3. On the 5th of May, 1876, the defendant falsely and maliciously wrote and published in a letter addressed to one J. F., of and concerning the plaintiff, and of and concerning him in the way of his profession as a teacher of music, the words following, that is to say-[Here set out the words in full] -meaning thereby that the plaintiff was a man of dissolute habits and profligate life, and not fit for an appointment as music master in any academy for young ladies.

The plaintiff claims :

(1) £500 damages for the slander set out in the 1st

paragraph.

(2) £500 damages for the libel set out in the 3rd paragraph.

8. Action for Slander of a Man in the way of his Trade.

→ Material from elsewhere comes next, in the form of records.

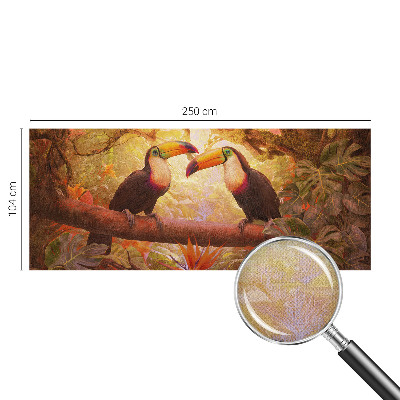 Samolepící fototapeta 3d Barevné tukani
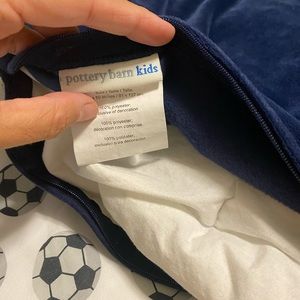 Toddler bed duvet cover with duvet insert from pottery barn kids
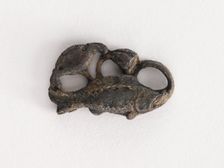 Ornament: fish, lotus leaf, and lotus seed pod, Goryeo period, 12th-13th century. Creator: Unknown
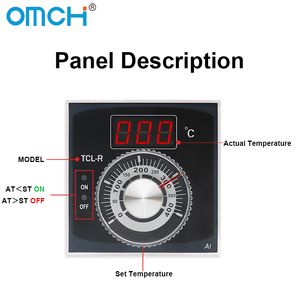 OMCH TC Series Salida de relé Pantalla <span class=keywords><strong>digital</strong></span> inteligente Control <span class=keywords><strong>PID</strong></span> Controlador de temperatura del horno para automatización del hogar - Product Image 5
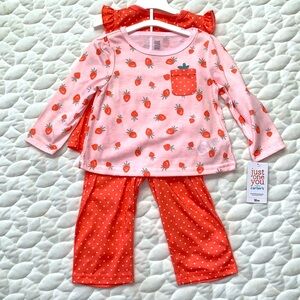 Brand new with tags just one you Carters 3 piece set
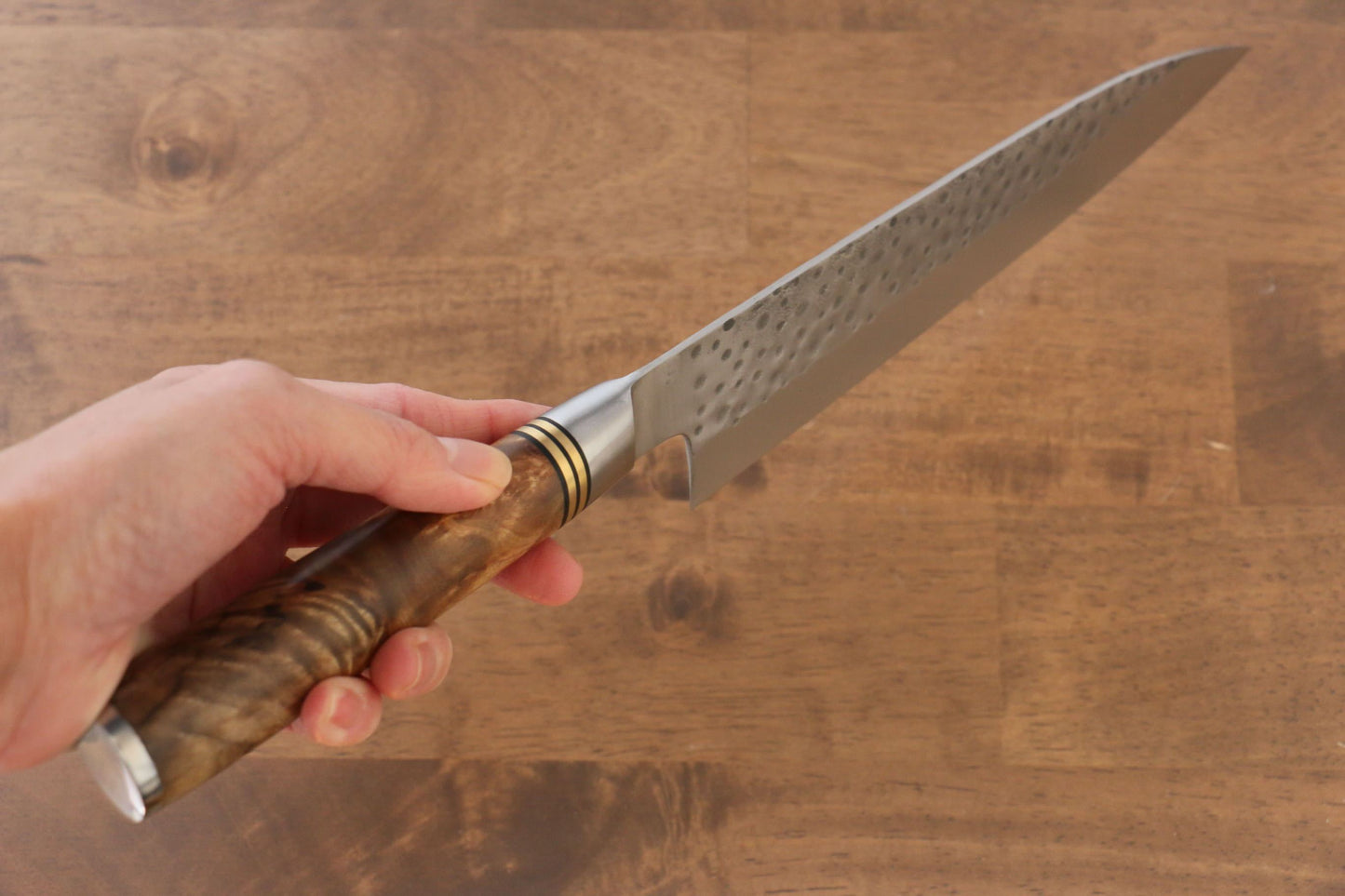 Takeshi Saji R2/SG2 Hammered(Maru) Gyuto Japanese Knife 210mm Chinese Quince Handle - Japanny - Best Japanese Knife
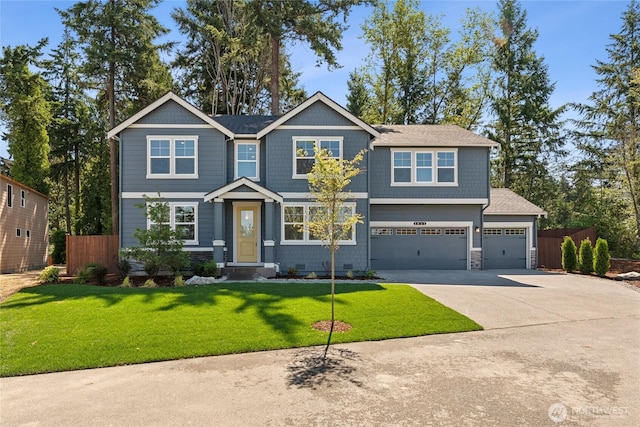 4043 98th Avenue Ct E Unit 24, Edgewood, WA 98371 - craftsman house featuring driveway, a garage, and stone siding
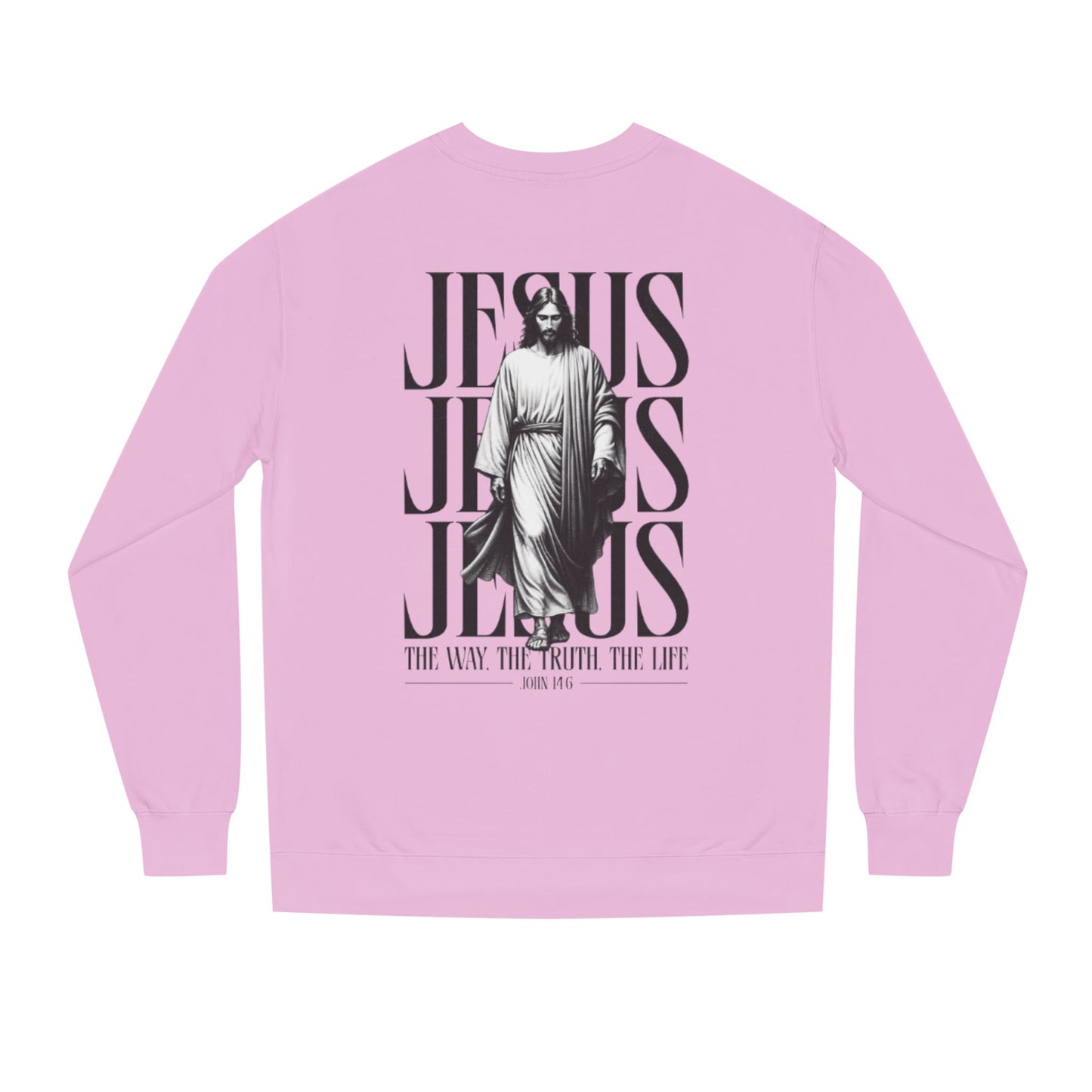 Jesus Crewneck Sweatshirt – The Way The Truth The Life Graphic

1. The plaintiff at the time of the grievance hereinafter mentioned was and still is a manufacturer of brushes and brooms, carrying on his business at

2. On or about the 1st of June, 1877, the defendant falsely and maliciously spoke and published of the plaintiff in relation to his said trade and business as aforesaid, the words following, that is to say: "You have got a commission to buy for that fellow H. (meaning thereby the plaintiff), who always lets his cheques go back. He (meaning the plaintiff) can pay for nothing. In fact, he never pays anybody. He is sued in all directions, and has had the bailiffs in his warehouse. Indeed, he never pays anybody until he is compelled, and his business will soon be shut up;" meaning thereby that the plaintiff as such trader had been guilty of fraudulent and dishonest practices, and that he was insolvent and unable to pay his just debts.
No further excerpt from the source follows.